In this post, I'll be sharing a recap of my notes from Day 41 to 45 of learning in the Udacity Cloud DevOps Engineer Nanodegree classroom (and it was a lot 😢).
These are compiled from my daily IG posts, as part of my #3MonthsOfCDE series and only slightly edited for platform suitability.
Day 41 - Working on an Entire Blue-Green Deployment Pipeline
I spent all of yesterday working on the exercises in Lesson 4 and once again, I realised just how hard it is to learn things as an absolute beginner.
First, I tested out the “Build Ansible inventory file” step automation (from the previous article) with my personal account and it ran as expected. Afterwards, I did some research on how to run the workflow with the Udacity federated user. It turns out I just had to create an IAM user, like the one I used with my personal account.
It turns out that I could use the user's access key credentials to set up environment variables for CircleCI (instead of the Udacity temporary credentials), and use those variables with the jobs that needed aws-cli.
Afterwards, I continued working on the exercises. How did that go?
Let's just say my CircleCI account with the endless failed pipelines speaks for me because I ran into a lot of different errors and I was quite frustrated. Some of the errors took a long time to spot and fix while others were silly and spelling-related (thanks to my frustration).
By the end of the day, I had worked on three exercises, and only two of them finished successfully.
Day 42 - Troubleshooting Blue-Green Deployment Pipelines
This day turned out much better than Day 41 because:
a) I figured out the issues with the third exercise,
b) I was able to complete the rest of the exercises (with lots of failed attempts and pipelines, of course), and
c) I now have a fully functional running pipeline, plus some extra steps I added to some cleanup jobs for better functionality! 🎉
- It did not come without frustration but I am glad I fully went through Lesson 4 and all that it had to teach me. It almost always makes carrying out the project a less bumpy ride.
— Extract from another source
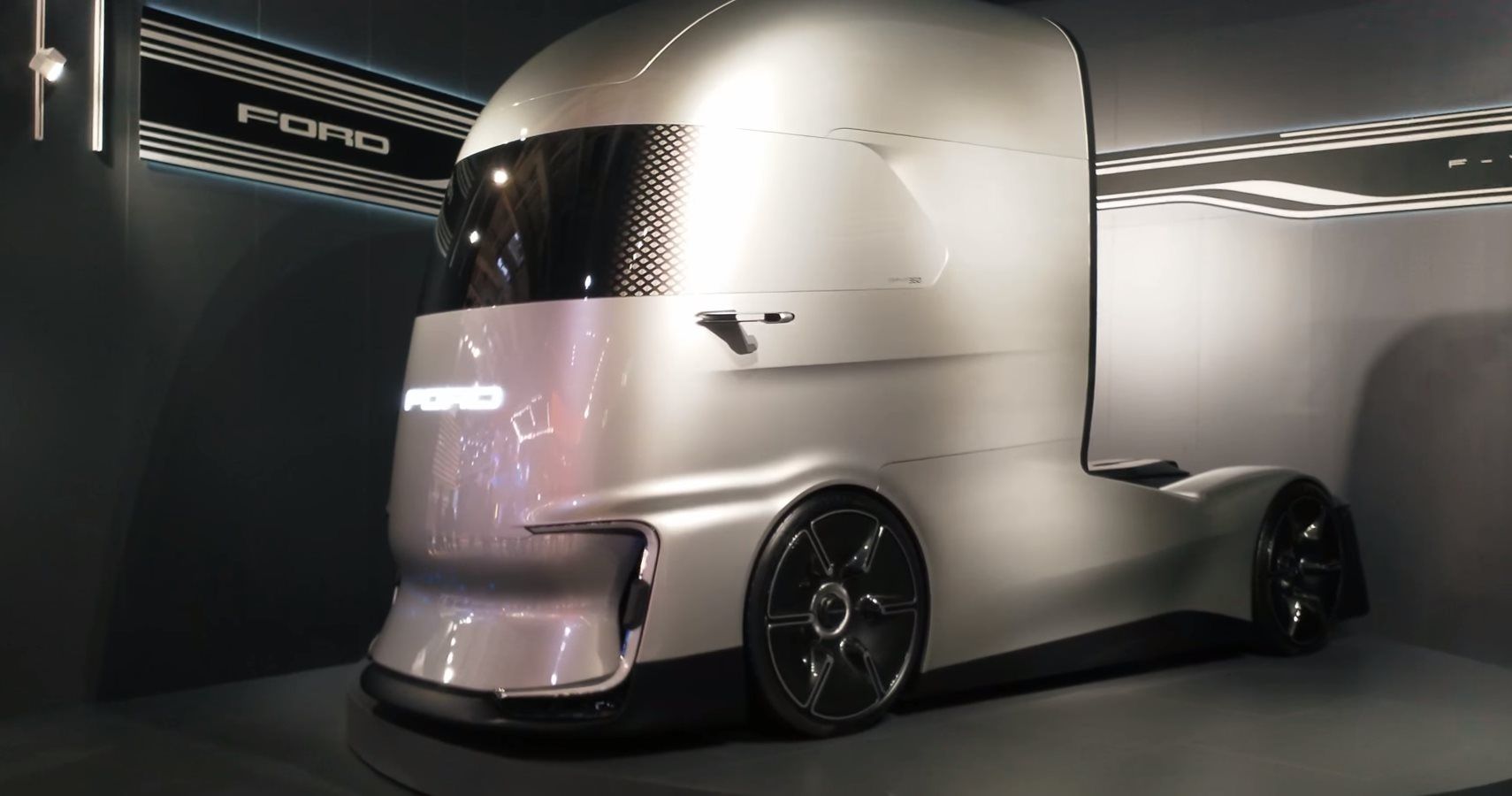 Ford Reveals Electric Semi Truck That Looks Like RoboCop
Spoiler alert: I faced entirely different issues with the main course project.
- I have also started Lesson 5 on Monitoring Environments and I hope that ends well, so I can get started on my project (and hopefully get it done and approved by weekend). Sayonara!
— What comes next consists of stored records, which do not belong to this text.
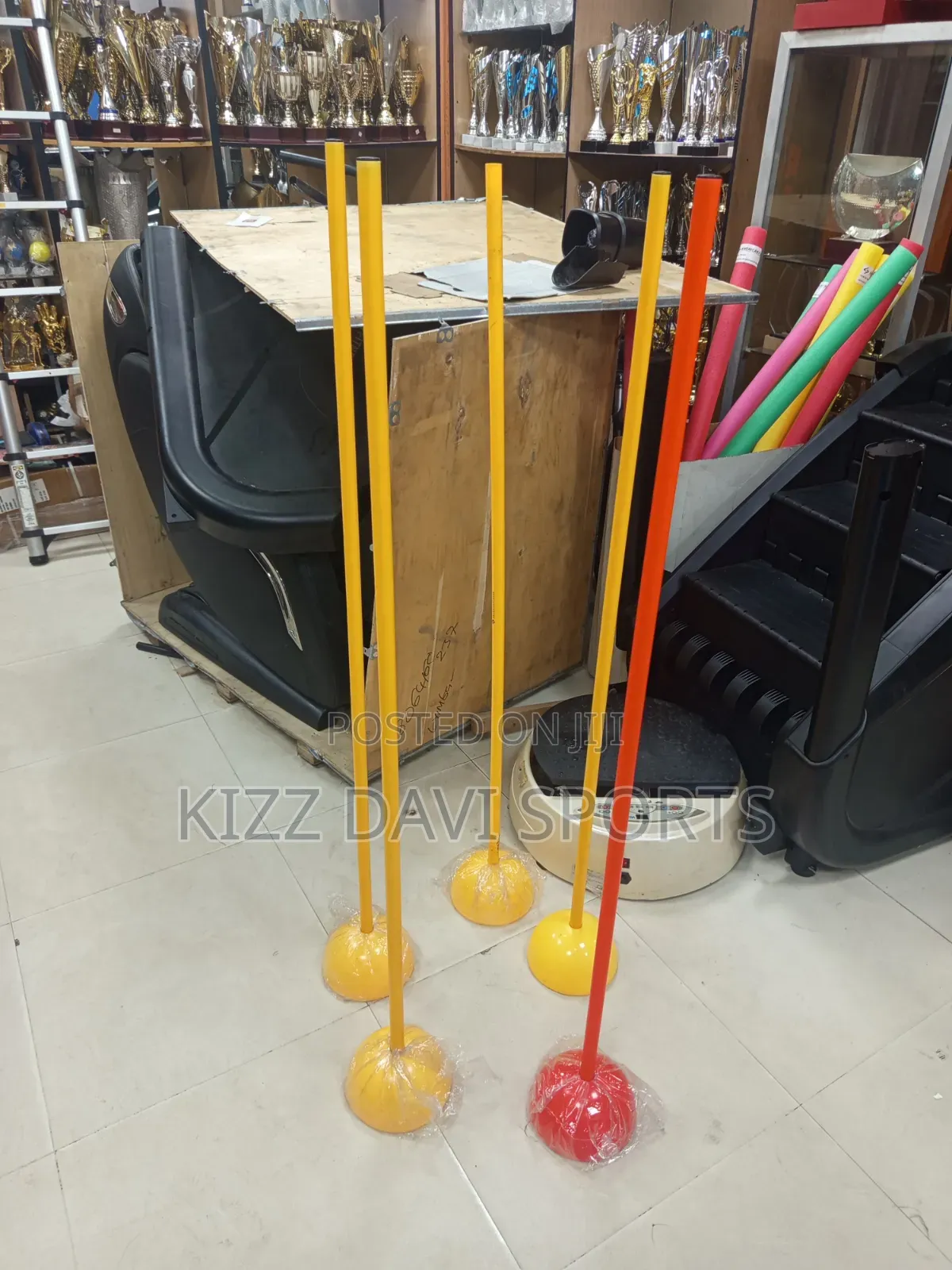 A Set of Agility Slalom Poles 5 Pieces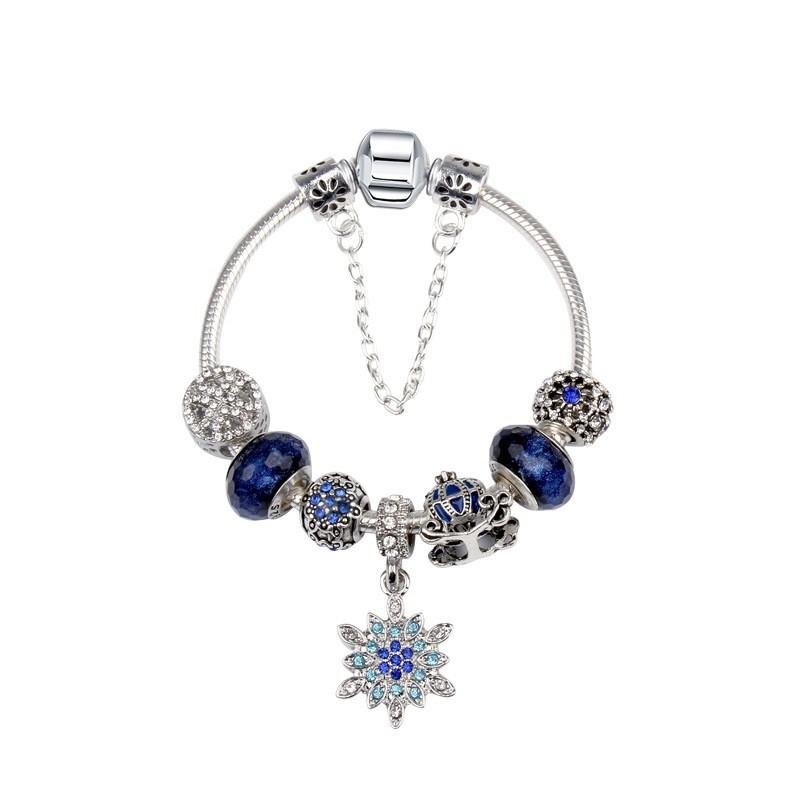 Vòng tay charm hoa tuyết xanh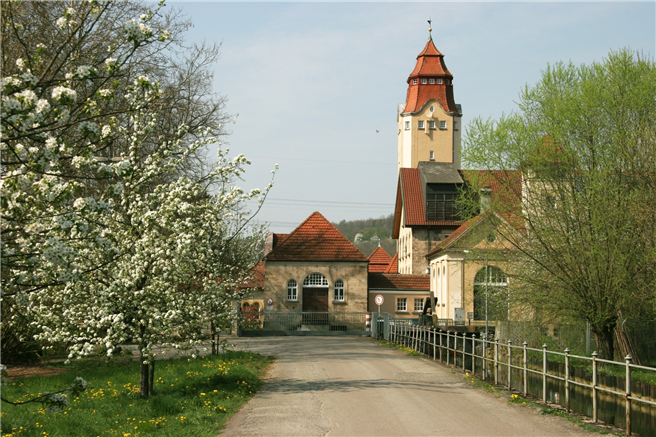 Das Wasserkraftwerk in Bempflingen - Nachhaltigkeit ist dem Unternehmen auch im Energiebereich wichtig. © Cotonea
Another Spoiler: I did not. It is currently still ongoing.
Day 43 - Monitoring Environments With Prometheus
What happens when you get 2 days off a work week and you resume?
Well, I did not spend much time with the last Lesson I started on "Monitoring tools", because there was a backlog of tasks that needed to be completed and pushed to production.
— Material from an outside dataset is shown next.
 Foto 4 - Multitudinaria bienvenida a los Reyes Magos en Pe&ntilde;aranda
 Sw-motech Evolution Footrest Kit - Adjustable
Still, I went through the introductory sections and I am now currently working on the Prometheus setup exercise (Prometheus is the tool of choice for the course).
I also took a look at the Project contents to have an idea on what I would be working on. Things look familiar now, so I am almost ready!
Day 44 + 45 - Working with Prometheus
It’s safe to say I went through IT with this last lesson!
While I understand that there are different ways of doing things, the materials in the lesson were quite confusing. The instructor videos used a setup for the Prometheus server (+ node_exporter and alert managers) that was entirely different from the “tutorial links” provided to replicate.
At first, I chose the setup in the videos because it was faster and required less configuration (plus the tutorial links seemed quite old). However for some reason, I reverted to using the tutorial setups and that wasted my time.
Of course, it could be that I did not set things up correctly (and I am certain I did), but the issues were most likely from the outdated approach. I eventually finished the lessons by reverting back to the first setup in the instructor videos. As always, I encountered errors whilst setting things up but they all worked after the fixes.
There was a particular situation that took more time though; setting up alert managers with different receivers (email and Slack). Something kept failing - the server was reporting the error and with the rules I defined, I was supposed to get an email alert for that particular error. However, the emails were not getting sent.
I am still not completely sure what actually fixed things; I had to debug my
rules.yml
,alertmanager.yml
files AND remember to start up the alert manager🤦🏾♀️, etc. It was most likely a combination of everything I did.The exercises from the lessons are now completed and I started working on the main project.
P.S Dear Udacity, maybe update links in contents often? Or put disclaimers to correct things said in the video that are now outdated?